» **What is needed**: Take the lines from the beginning of the data below through the line holding "Betreward Yeni Üyelik Süreci Nasıl İşliyor" and return exactly those.

Extracted material Block Start

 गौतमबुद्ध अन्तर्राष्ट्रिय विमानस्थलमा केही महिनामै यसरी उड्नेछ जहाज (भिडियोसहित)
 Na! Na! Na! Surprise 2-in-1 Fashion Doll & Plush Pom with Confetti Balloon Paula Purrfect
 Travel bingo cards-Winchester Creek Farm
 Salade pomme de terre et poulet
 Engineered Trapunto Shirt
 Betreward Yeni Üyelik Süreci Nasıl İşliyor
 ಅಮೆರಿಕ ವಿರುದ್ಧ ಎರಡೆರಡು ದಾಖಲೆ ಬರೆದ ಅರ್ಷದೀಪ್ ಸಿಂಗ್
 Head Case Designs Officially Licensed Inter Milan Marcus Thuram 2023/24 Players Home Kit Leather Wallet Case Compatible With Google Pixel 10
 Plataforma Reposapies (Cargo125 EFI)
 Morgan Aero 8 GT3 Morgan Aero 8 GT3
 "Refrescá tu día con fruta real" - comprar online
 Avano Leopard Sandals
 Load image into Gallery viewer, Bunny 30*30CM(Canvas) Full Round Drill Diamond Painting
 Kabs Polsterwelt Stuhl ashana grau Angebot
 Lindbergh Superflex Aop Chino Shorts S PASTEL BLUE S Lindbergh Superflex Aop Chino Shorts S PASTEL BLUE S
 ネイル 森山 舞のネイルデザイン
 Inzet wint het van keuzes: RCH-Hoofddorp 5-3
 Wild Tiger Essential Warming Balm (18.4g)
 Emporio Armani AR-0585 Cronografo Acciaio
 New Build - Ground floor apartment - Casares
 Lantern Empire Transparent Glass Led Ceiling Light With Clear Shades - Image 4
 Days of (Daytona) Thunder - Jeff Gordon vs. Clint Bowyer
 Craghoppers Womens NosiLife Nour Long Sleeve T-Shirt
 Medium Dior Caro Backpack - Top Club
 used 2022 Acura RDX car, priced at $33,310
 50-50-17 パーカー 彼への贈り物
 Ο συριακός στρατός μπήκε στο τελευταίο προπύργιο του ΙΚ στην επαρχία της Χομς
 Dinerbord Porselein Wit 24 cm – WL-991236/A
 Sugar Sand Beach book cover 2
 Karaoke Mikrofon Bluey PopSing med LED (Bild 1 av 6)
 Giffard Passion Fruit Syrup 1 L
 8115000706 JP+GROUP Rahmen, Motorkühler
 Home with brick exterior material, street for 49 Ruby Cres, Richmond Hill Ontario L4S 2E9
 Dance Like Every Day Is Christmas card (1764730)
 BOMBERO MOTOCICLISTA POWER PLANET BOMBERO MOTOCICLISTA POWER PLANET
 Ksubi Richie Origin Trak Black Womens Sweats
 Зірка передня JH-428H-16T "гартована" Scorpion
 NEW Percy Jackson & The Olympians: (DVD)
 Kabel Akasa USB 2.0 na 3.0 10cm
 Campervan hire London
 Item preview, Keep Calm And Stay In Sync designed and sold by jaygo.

Extracted material Block End

» **Solution**:
 गौतमबुद्ध अन्तर्राष्ट्रिय विमानस्थलमा केही महिनामै यसरी उड्नेछ जहाज (भिडियोसहित)
 Na! Na! Na! Surprise 2-in-1 Fashion Doll & Plush Pom with Confetti Balloon Paula Purrfect
 Travel bingo cards-Winchester Creek Farm
 Salade pomme de terre et poulet
 Engineered Trapunto Shirt
 Betreward Yeni Üyelik Süreci Nasıl İşliyor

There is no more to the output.